Could you copy exactly the lines from the start of the records through the one containing "Відбійник задній Chery", both included, and leave out the pictures?

-- TASK DATA follows --

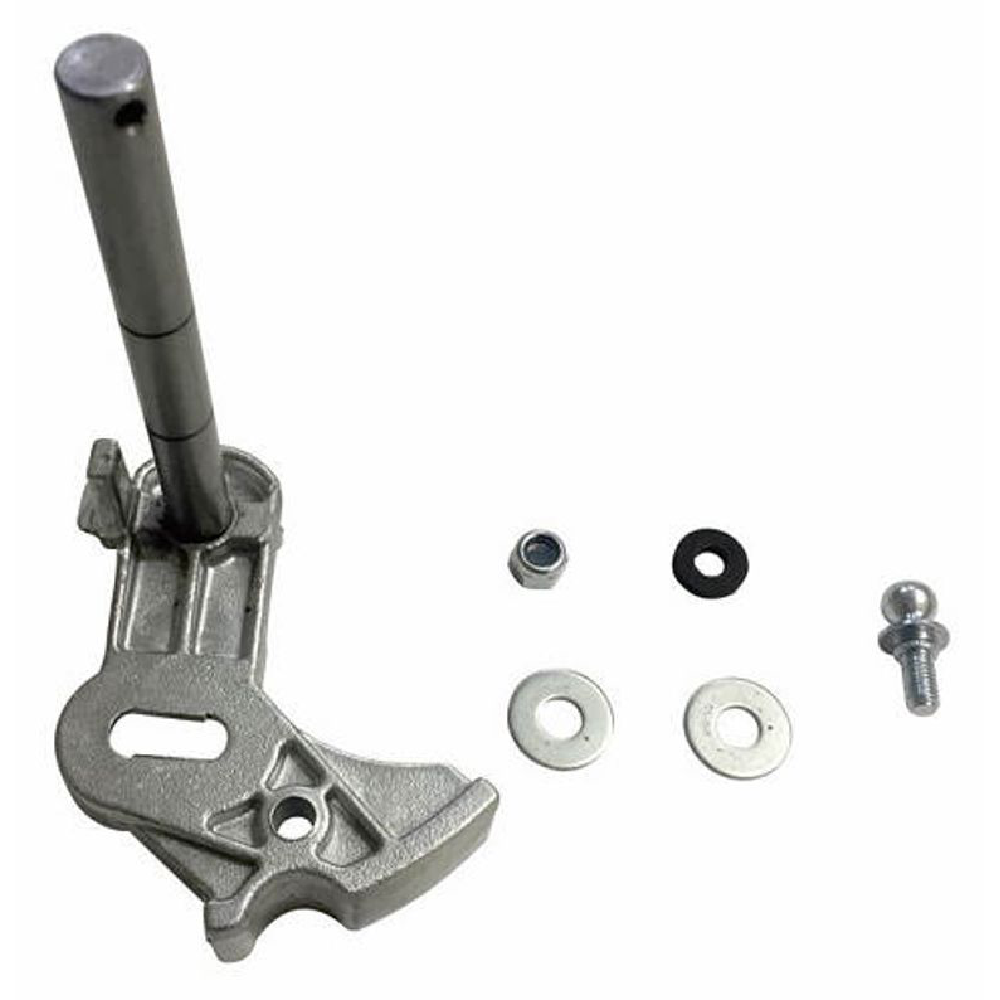 Kit de Eixo com Reparo do Trambulador - Amortex - 34799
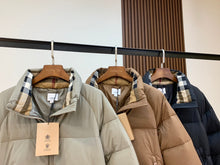 Load image into Gallery viewer, Logo Jacket
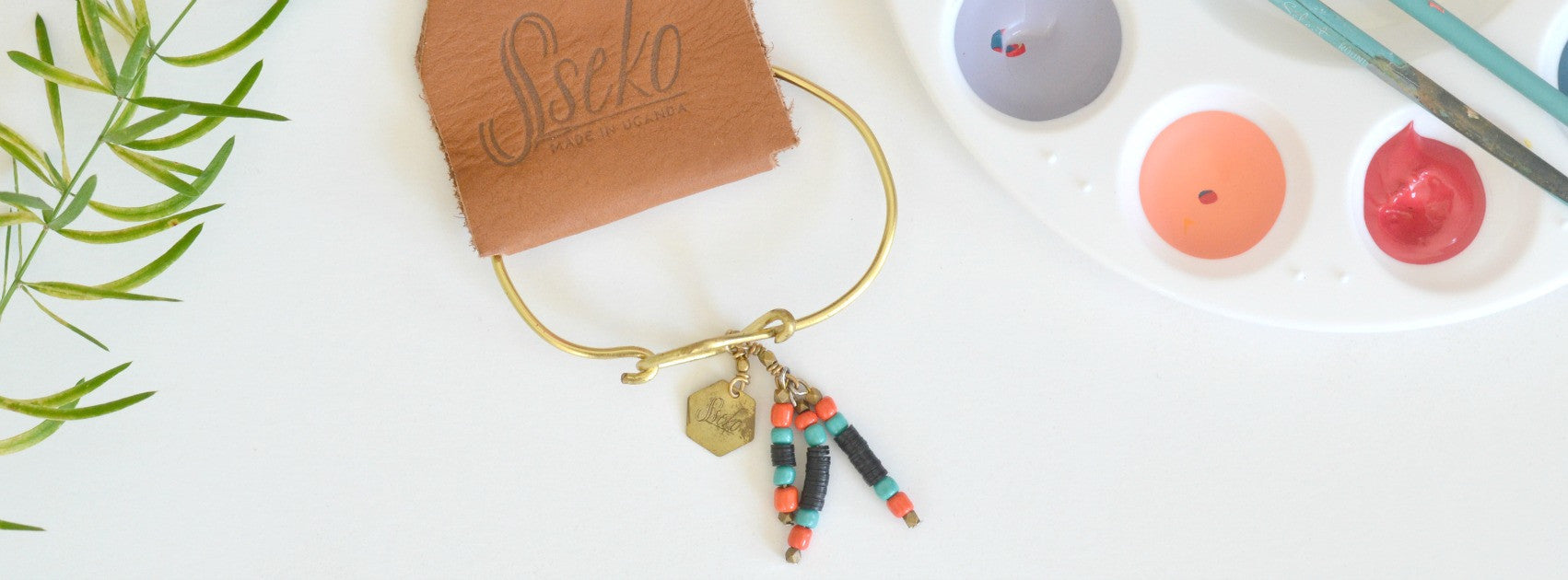 Sseko Designs Giveaway! {comment here to enter}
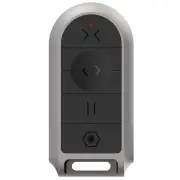 Télécommande EZVIZ HGT2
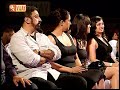 Vijay Awards - Neethu Chandra's Dance Performance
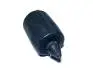 Відбійник задній Chery Jaggi / Kimo KLM AutoParts S21-2911033 (фото 3)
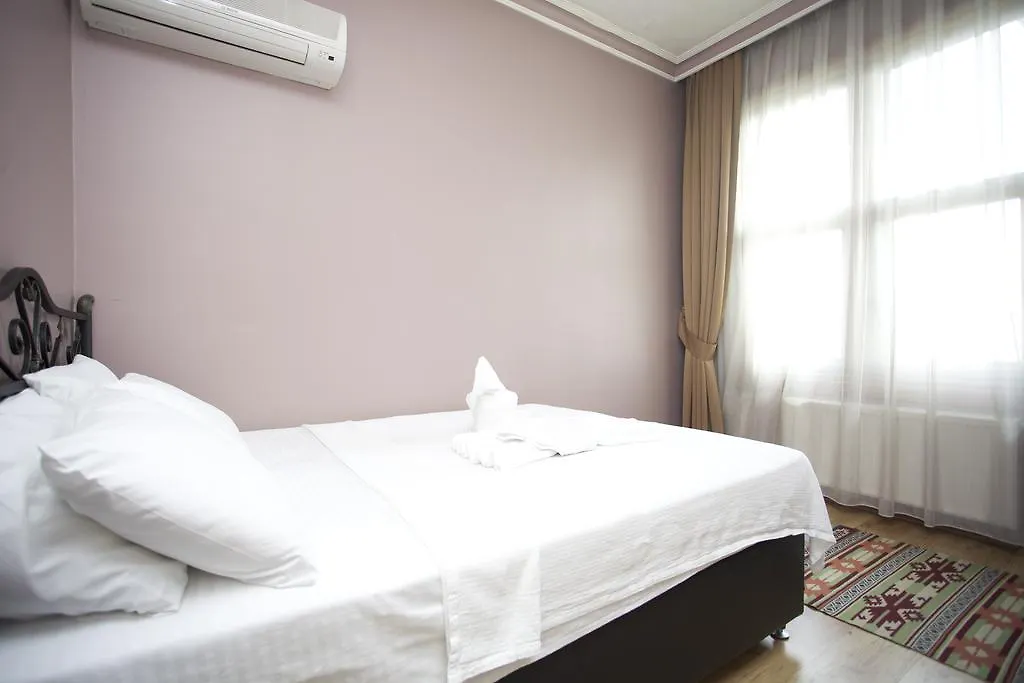 Balat Suites-1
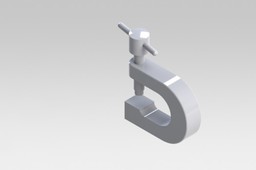 hand clamp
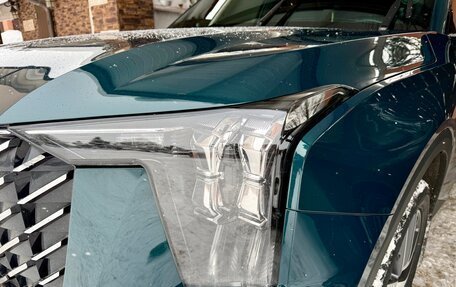 GAC GS8, 2023 год, 3 600 000 рублей, 2 фотография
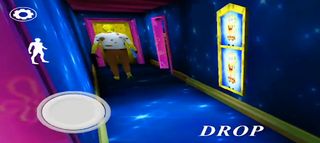 Hi Sponge mod Neighbor House - Screenshot 2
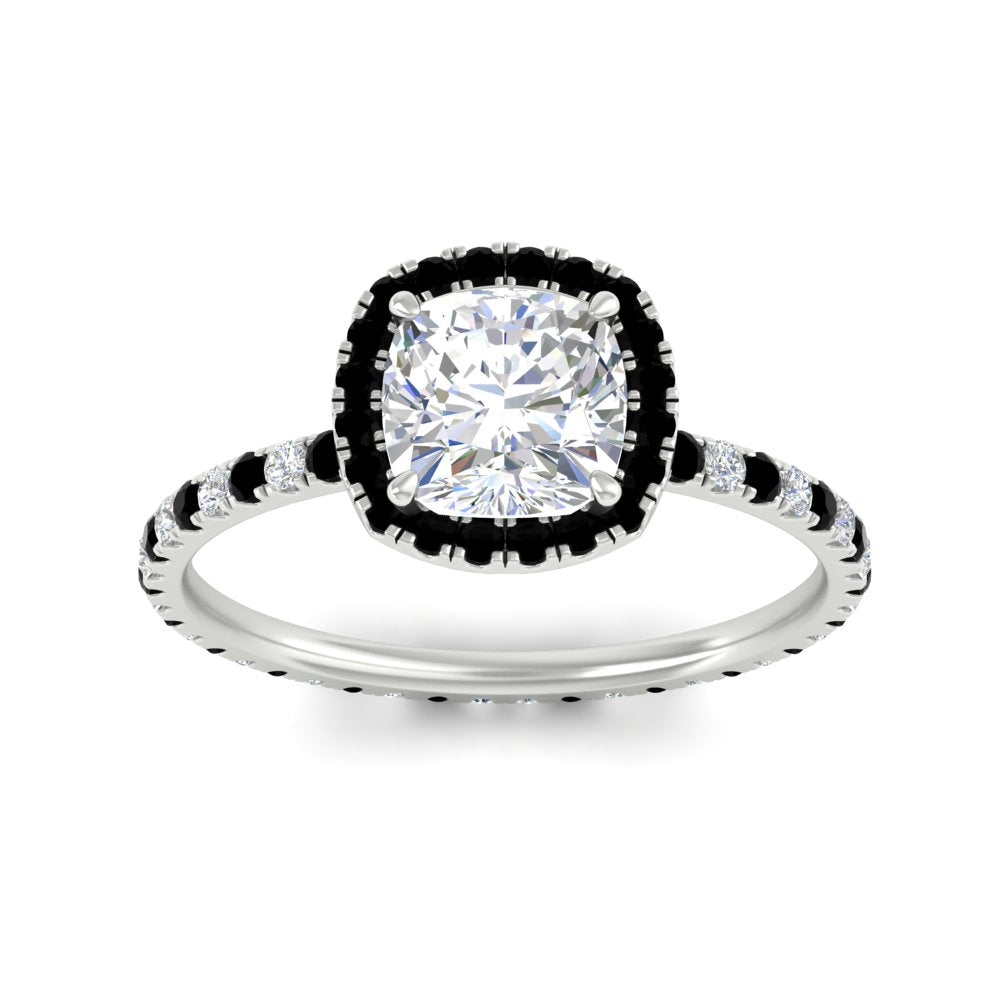 cushion-cut-halo-eternity-black-diamond-engagement-ring-in-white-gold-FD9372CURGBLACKANGLE5-NL-WG_ac9c6348-3f16-4a91-b81b-40e10f73e5a9.jpg?v=1763117971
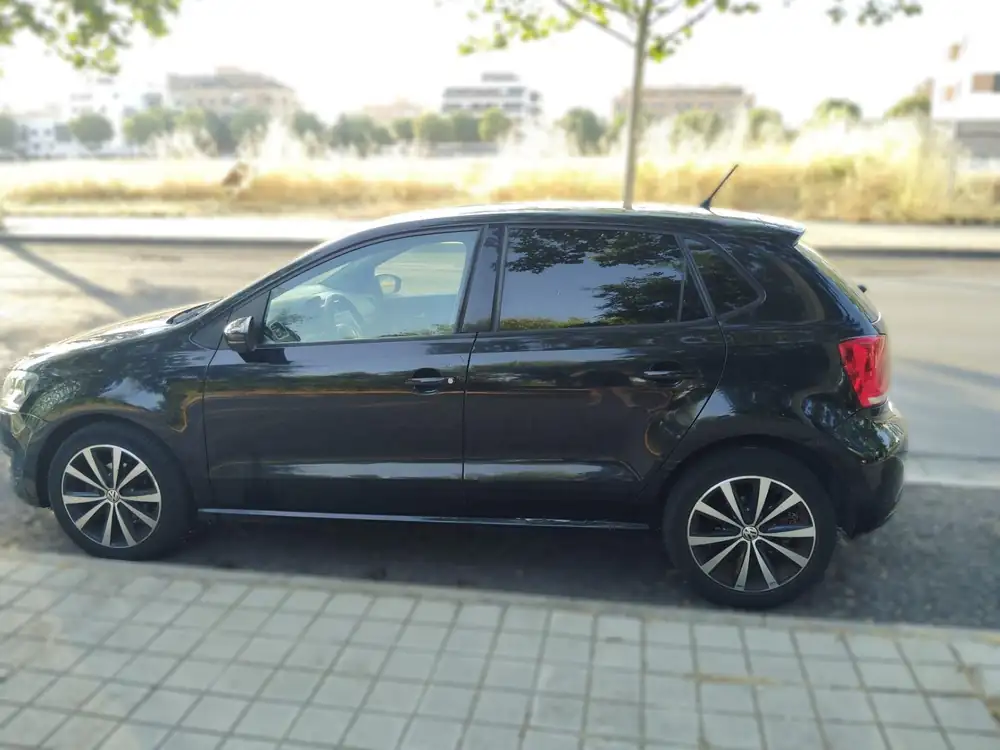 1.2 TSI 90cv Advance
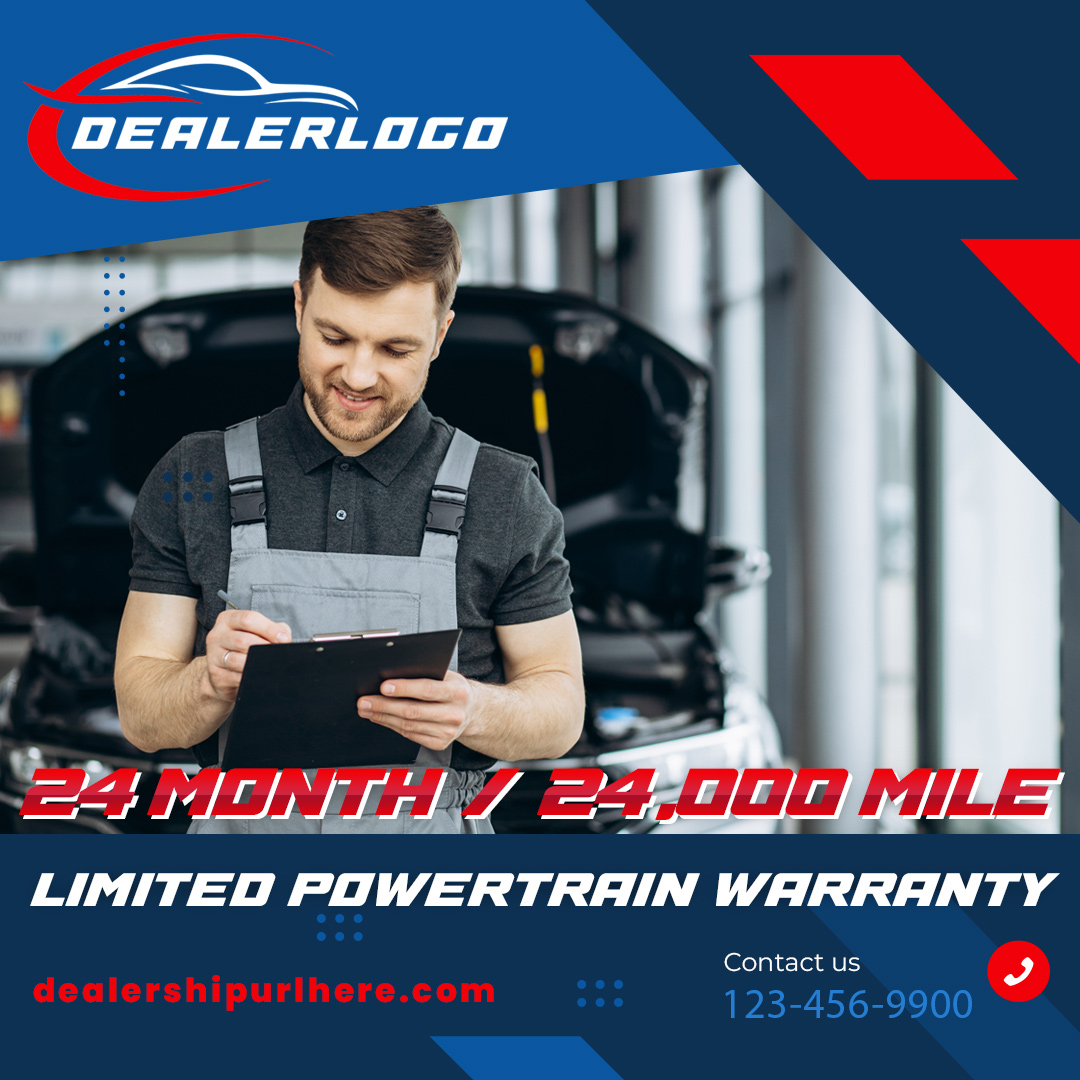 warranty - AMS Dealer Demo -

-- TASK DATA concluded --

**SOLUTION**
 Kit de Eixo com Reparo do Trambulador - Amortex - 34799
 Load image into Gallery viewer, Logo Jacket
 Sseko Designs Giveaway! {comment here to enter}
 Télécommande EZVIZ HGT2
 Vijay Awards - Neethu Chandra's Dance Performance
 Відбійник задній Chery Jaggi / Kimo KLM AutoParts S21-2911033 (фото 3)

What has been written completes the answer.